Copyright 1966 Pam Galloway

The Fifties
(Pam Galloway)

When we were first married we lived with Granny in the parlour but eventually she asked the landlord if he had anywhere we might go and he had number ten Holt St. And so we moved.

The rent was 8s / 4d. And what we did to that little house! Everybody was so proud of them. I flushed all the door, we had a new fir-place put in. When we first moved in we had one of those great big black grates with an oven door. A tile fir-place was posh. But, you lost the oven. And Granny Wise used to do all her baking in the oven.

Yes, we worked like mad to make those houses nice. Even before we moved in we went and painted and white-washed the back-yard. Lil scrubbed the wooden stairs, no carpet or anything. Then one of our friends who'd recently got a two up two down in Victoria St., came round and she said, "Hey, is there an old brown sink in there?" We said, "Yes."

"Well," she said, "you know what I did - I put the hammer through the old brown one and the men came round and they put me a white sink in."

Well, a white sink was posh in those days, so of course, Lil puts the hammer through our sink and the men came round and put us in a new brown sink!

In Holt St. the one sink was it. No bathroom. So we'd wash down in a bowl. One Saturday morning your mum decided to have a wash down in the front bedroom. She took the bowl of water upstairs, stripped naked and started to have her wash down. Then, all of a sudden, the window cleaner propped his ladder up and started to climb up to the front bedroom window. So, she grabbed the bowl and her towel and dashed across the tiny square of landing into the back bedroom only to find the window cleaner's mate cleaning that window. All she could do was to stand between the two rooms on the tiny landing, shivering until they'd gone!

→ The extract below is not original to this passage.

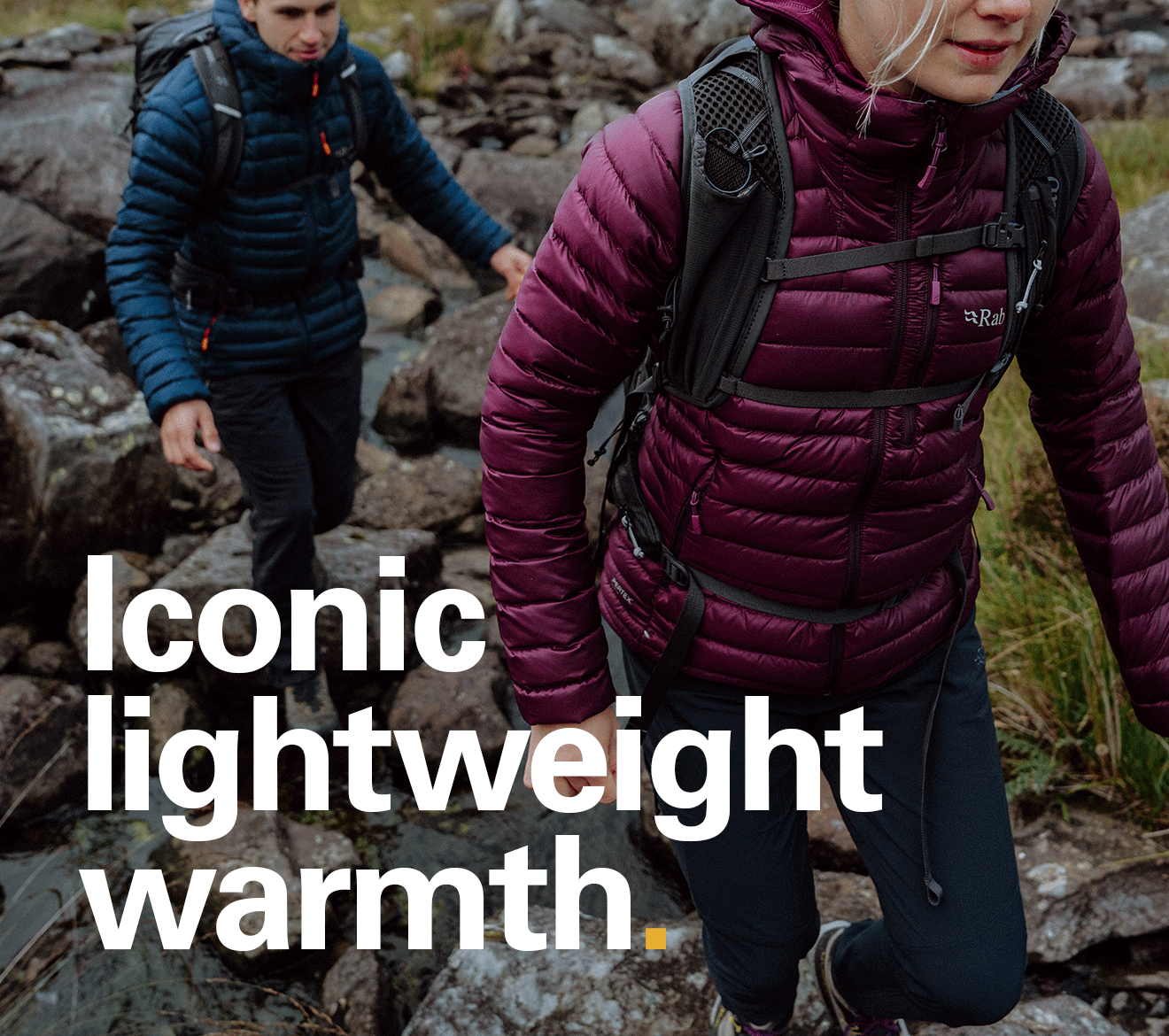 'Iconic lightweight warmth' text written over the image of 2 hikers walking up a trail both wearing Rab Microlight jackets.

Of course, the one sink in the kitchen with its one cold tap meant that washing had to be taken to the wash-house. Lil has memories of going there before we bought a copper to heat the water in the kitchen and later a gas water heated that went over the sink (eventually there was the washer itself with its hand wringer).

" There were dryers like metal cabinets which pulled out from the wall, all heated by gas burners. The clothes dried in half an hour. Ironing rollers, as long as a row of houses, well, three anyway! I only used them for the sheets and tablecloths, etc.... All this was before Pam was born because then I decided to get the Hoover machine with the small rollers. I recall we bought Pam a replica and little Veronica Davies used to play with her and later on she gave it her.

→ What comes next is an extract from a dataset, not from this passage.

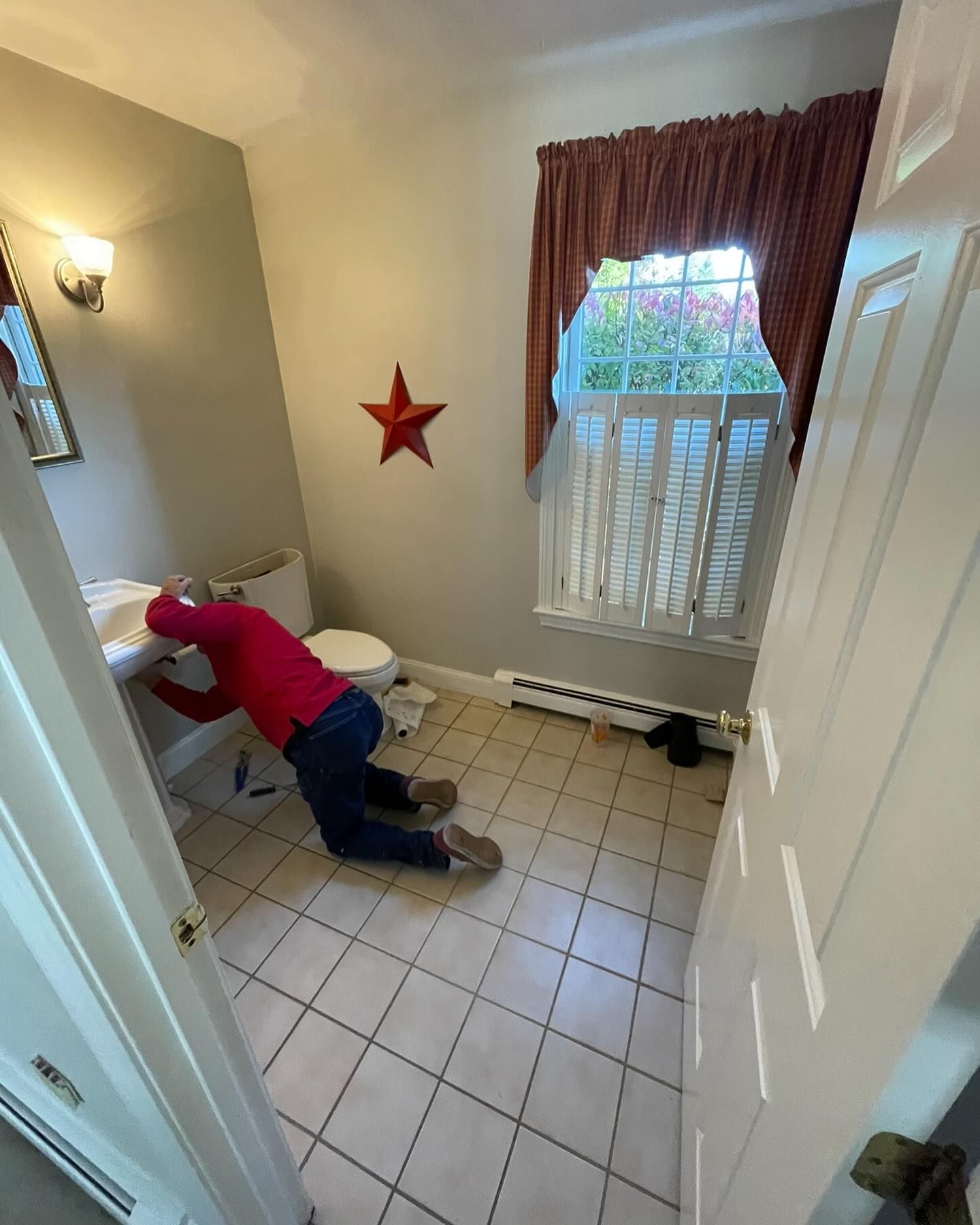 A person in a red shirt kneels on a tiled bathroom floor while working on plumbing under the sink.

There were no wash baths at South St. but there were at High St. and Gorton. The ones at Gorton I used when I worked at the kennels. I used to go on my way home and I loved it! The bath was huge! There were no taps and a woman assistant had a large key to turn on the water. You had to tell them not to make it too hot as the water was boiling. The first time I went I came out like a cooked lobster. The bath was so big I'm sure three would have fitted in it!"

The only time I was ever really ill and had to stay off work and stay in bed, under Dr.'s orders, under no circumstances was I to get out of be, for some reason Lil chose this time to clean the chimney because the chimney's used to get full of soot. They used to throw salt up it which would burn off the soot but somebody told Lil that there was a better way. She had to get a fir-lighter, put it on a small fire and put the blower up against it. She was told not to take the blower away whatever happened. She followed instructions, leaving the blower till it glowed red! Then, it exploded! All the doors blew open, all the windows rattled and there's me seriously ill in bed. I jumped out of bed and ran downstairs to see what was up. There were great big pieces of soot like lava all over the room! It even burnt holes in the lino. But we never had a bad sooty chimney again.